Banding Together for Patient Safety

Three Colors that will Make Hospitals Safer

COLUMBIA, Mo. Today the Missouri Center for Patient Safety announced its latest project, Banding Together for Patient Safety, a new set of standards for hospital wristbands designed to protect Missouri Patients.

Over 90 percent of Missouri hospitals use colored wristbands as a means of quickly identifying important information about patients. Wristbands are commonly used for alerts such as allergy warnings, fall risks, or do-not-resuscitate orders. However, there is no standard in Missouri offering direction to hospitals as to what color identifies which alert. Because many health professionals work in multiple facilities, they must memorize multiple, sometimes conflicting, meanings for colors.

In medicine, communication is vital. Having inconsistent meanings for these wristbands opens up the possibility for any number of mistakes.

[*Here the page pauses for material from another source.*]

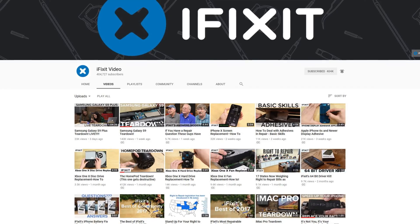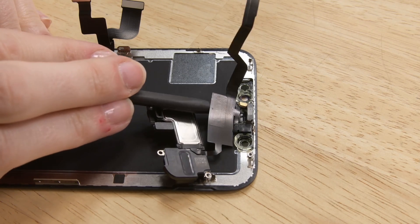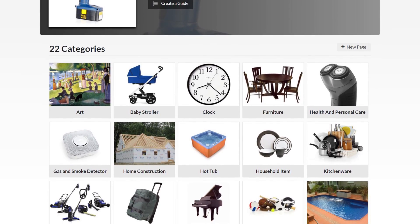We also like to share repair stories and answer your questions during live streams. If you ever wanted to see the guts of your favorite gadgets or learn some DIY repair skills, then check out our videos. We can help you fix anything from cell phones and computers to tablets and game consoles. Our repair guides might even help you cross a few household repairs off your weekend to-do list.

In the worst-case scenario, a patient could be mistaken for do-not-resuscitate when, in fact, they may have a latex allergy,said Rebecca Miller, executive director of the Missouri Center for Patient Safety.

A survey by the Center identified nine separate colors used by hospitals in the state, each with multiple meanings across hospitals. Seven separate colors are currently being used by different facilities to identify do-not-resuscitate orders.

To counter this, the Missouri Center for Patient Safety is introducing voluntary standards for Missouri’s hospitals. In the standards, a yellow wristband alerts a fall risk, a red band represents an allergy warning, and purple indicates do-not-resuscitate orders.

A physician, Dr. Timothy Holekamp, brought this problem to our attention and has worked with us to launch the Banding Together project. This is very much an example of our health care professionals being proactive, identifying a potential problem early, and pouncing on it,Miller said.

Missouri is the eighth state to implement wristband standards, and the only state in the Midwest. The colors selected for the Missouri program are consistent with the majority of states who have developed a standard.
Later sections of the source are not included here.